Mary Eileen Chesterton (December 20, 1949 – October 3, 1979), known professionally as Claudia Jennings, was an American actress and model. Jennings was Playboy magazine's Playmate of the Month for November 1969 and also Playmate of the Year for 1970. She subsequently pursued a career in acting, and was known as the "Queen of B movies". She died in an automobile accident in 1979.

Career
Mary Eileen Chesterton (known as "Mimi" to friends and family) was born in Saint Paul, Minnesota in 1949, later moving to Milwaukee, Wisconsin. When her family moved from Richmond, Indiana to Evanston, Illinois as a result of her father becoming the advertising director with Skilsaw, she transferred at the start of her sophomore year to Evanston Township High School (ETHS) where she graduated in 1968. She was featured in a silent, plotless movie titled after her nickname which was shot on Super 8 film by fellow ETHS classmate Todd McCarthy. She worked as a receptionist at Playboy and then posed for the magazine in 1969. She adopted the name Claudia Jennings because she didn't want to embarrass her family and that she thought "Mimi" sounded too girlish. Her original pictorial was photographed by Pompeo Posar. She was Playmate of the Year in 1970, and was awarded a pink Mercury Capri.

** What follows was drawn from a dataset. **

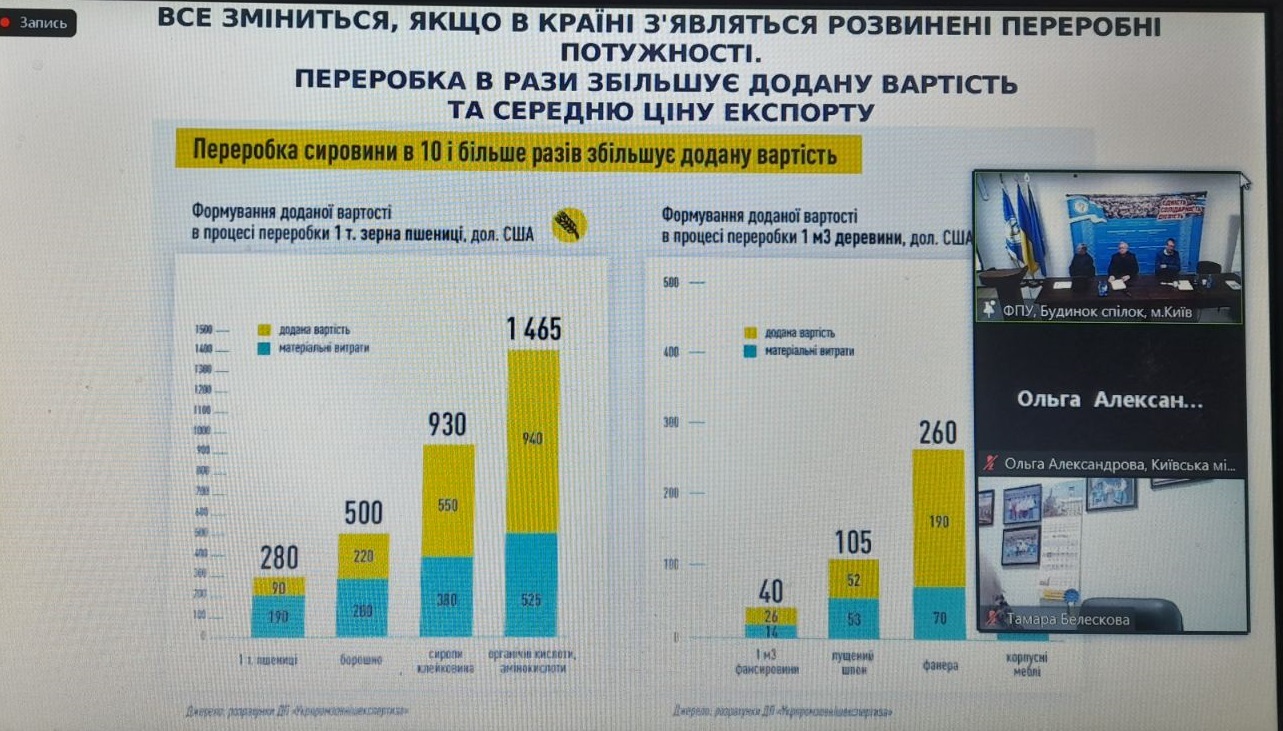зображення viber 2024 11 13 10 07 24 510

After her appearances in Playboy, Jennings became an actress in exploitation movies and in television. In 1973, she had a guest appearance on The Brady Bunch episode titled "Adios, Johnny Bravo". Jennings auditioned for the role as Kate Jackson's replacement on the hit television show Charlie's Angels, but the role was awarded to Shelley Hack.

Death
On October 3, 1979, Jennings died in an automobile collision on the Pacific Coast Highway near Malibu, California. She was 29.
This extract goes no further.